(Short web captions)
---------------

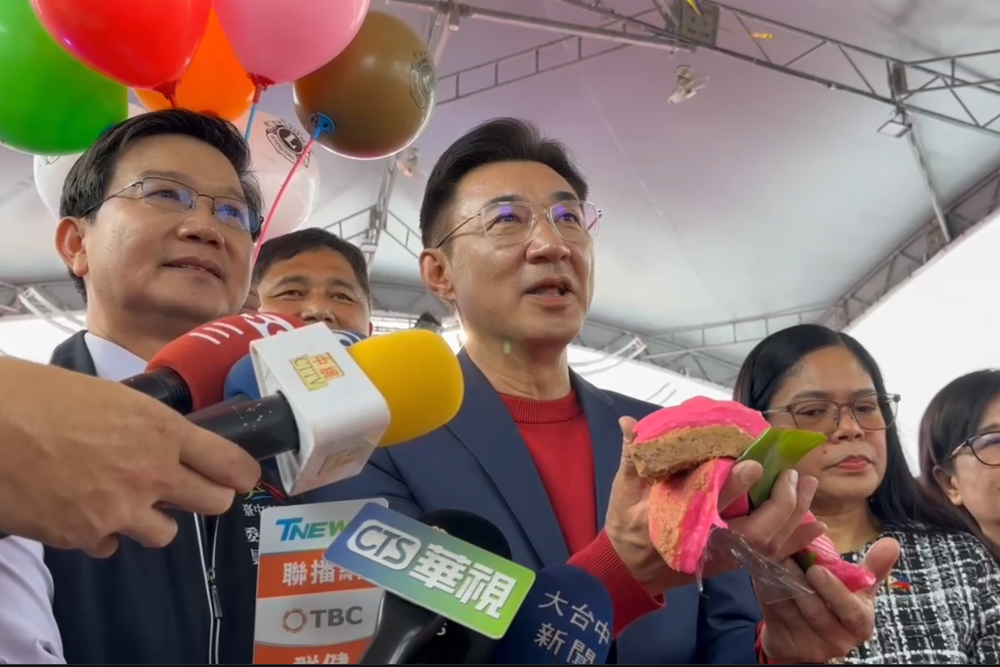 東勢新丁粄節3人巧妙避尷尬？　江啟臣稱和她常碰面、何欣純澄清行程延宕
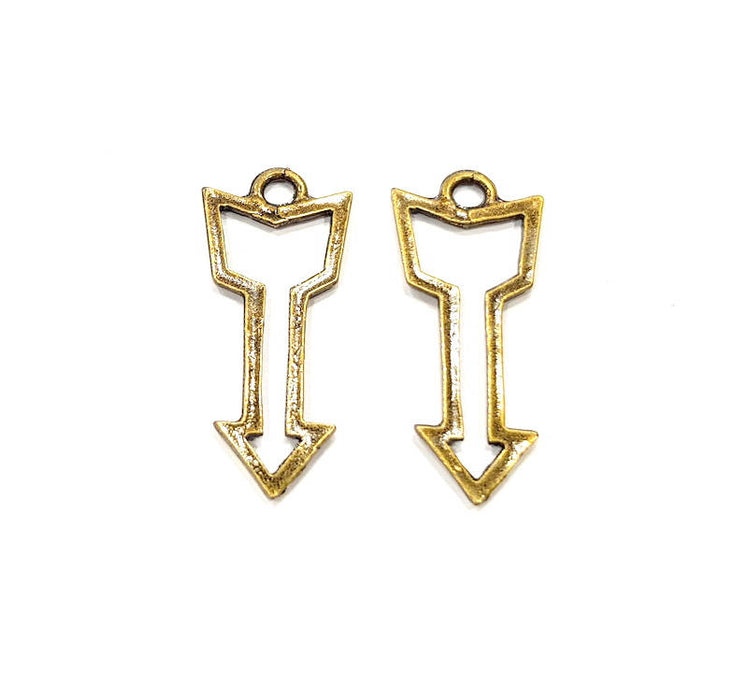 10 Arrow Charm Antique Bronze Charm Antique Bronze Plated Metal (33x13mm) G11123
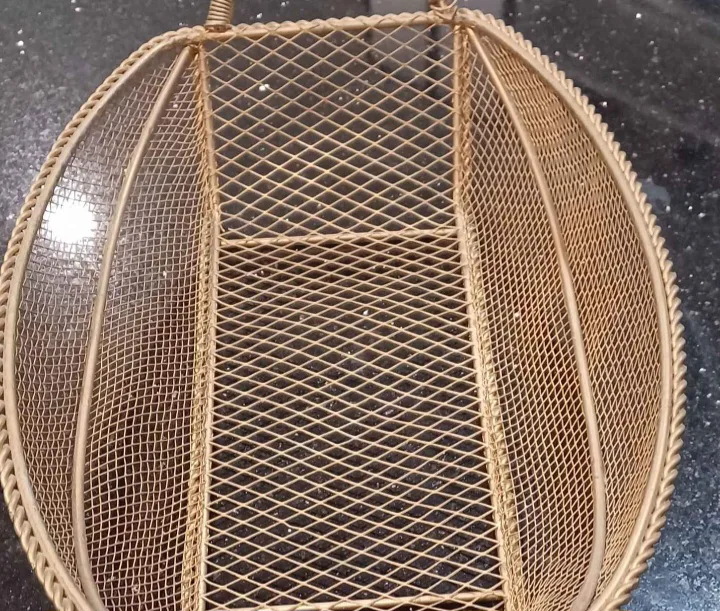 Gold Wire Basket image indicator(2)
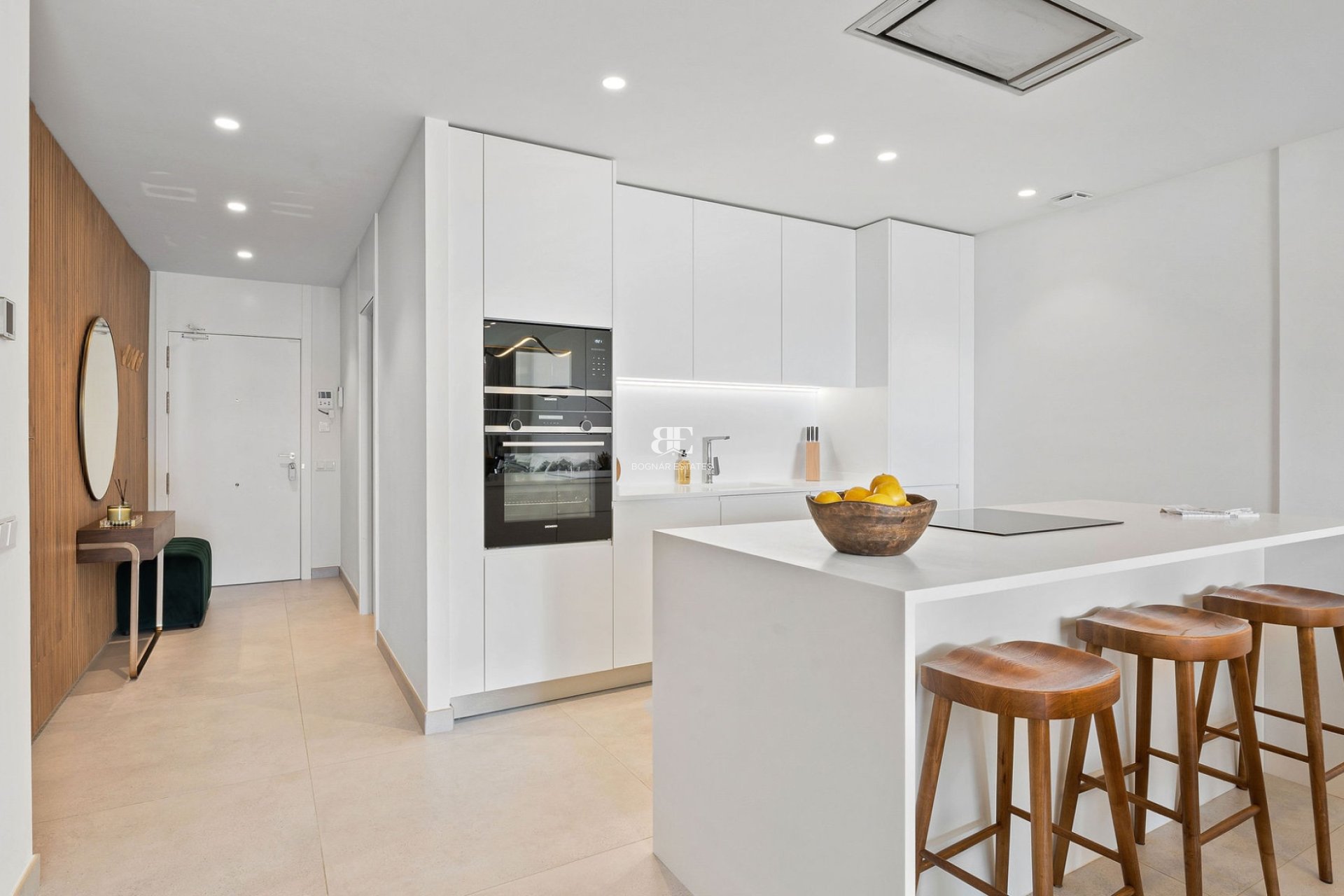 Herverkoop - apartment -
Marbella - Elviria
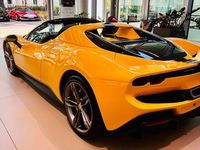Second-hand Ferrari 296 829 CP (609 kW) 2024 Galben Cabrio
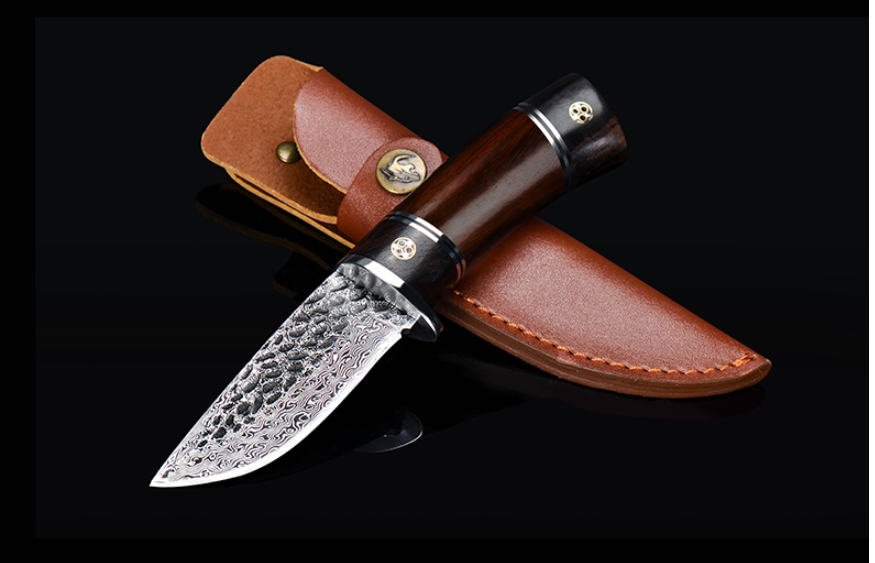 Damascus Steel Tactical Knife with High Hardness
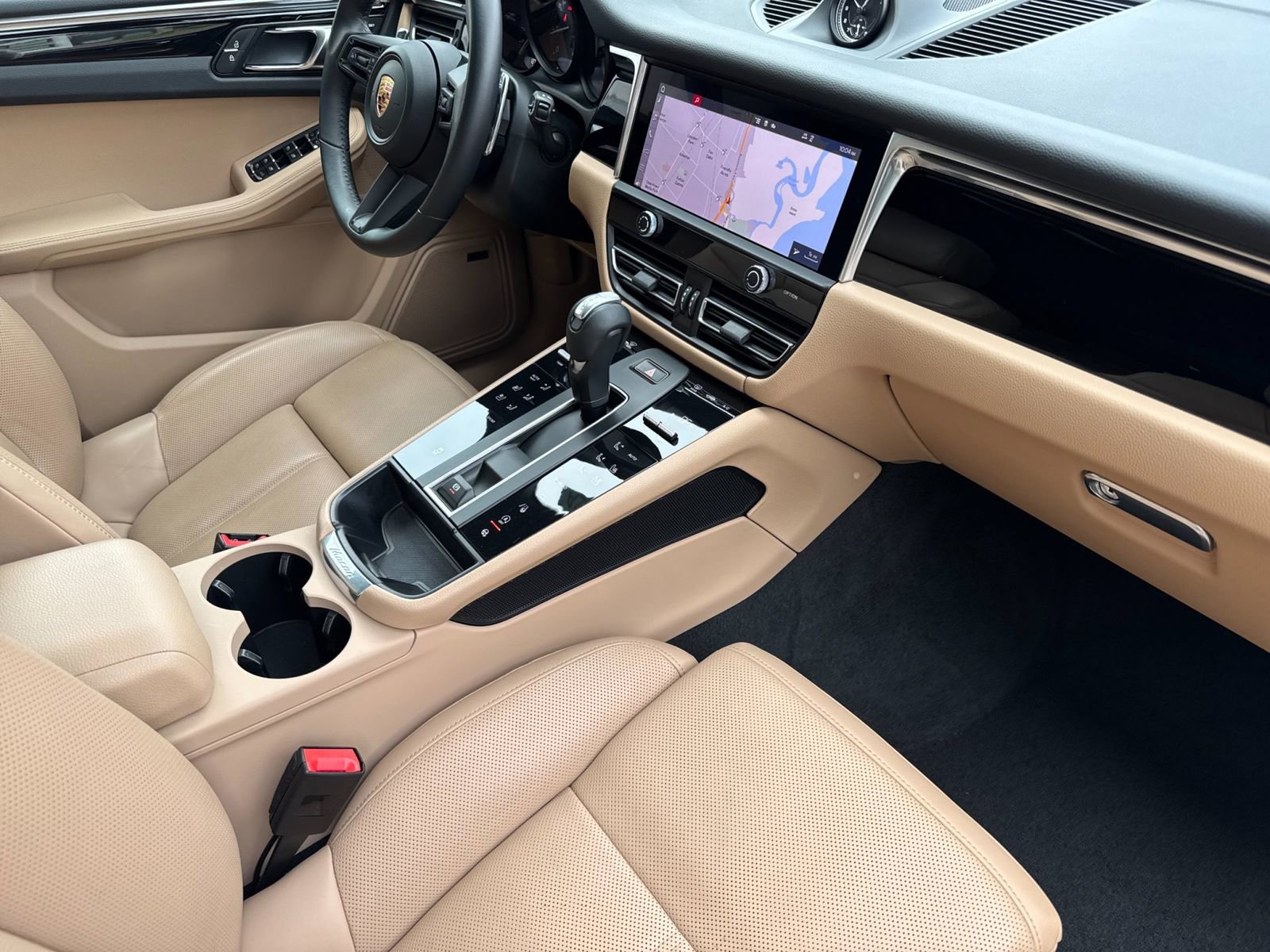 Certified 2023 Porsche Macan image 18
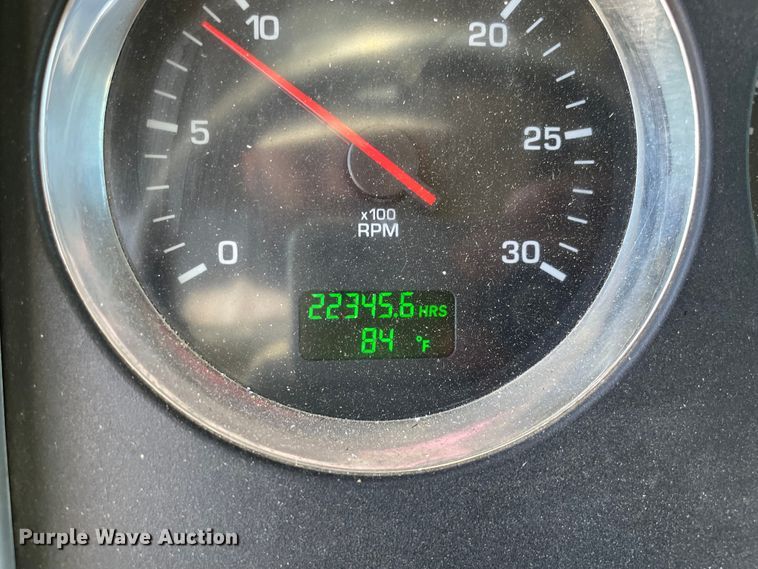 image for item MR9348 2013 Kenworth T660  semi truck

---------------

--- Exercise directions ---
Each record above is to be copied out exactly; its pictures are not.

--- Output of the exercise ---
 東勢新丁粄節3人巧妙避尷尬？　江啟臣稱和她常碰面、何欣純澄清行程延宕
 10 Arrow Charm Antique Bronze Charm Antique Bronze Plated Metal (33x13mm) G11123
 Gold Wire Basket image indicator(2)
 Herverkoop - apartment -
Marbella - Elviria
Second-hand Ferrari 296 829 CP (609 kW) 2024 Galben Cabrio
 Damascus Steel Tactical Knife with High Hardness
 Certified 2023 Porsche Macan image 18
 image for item MR9348 2013 Kenworth T660  semi truck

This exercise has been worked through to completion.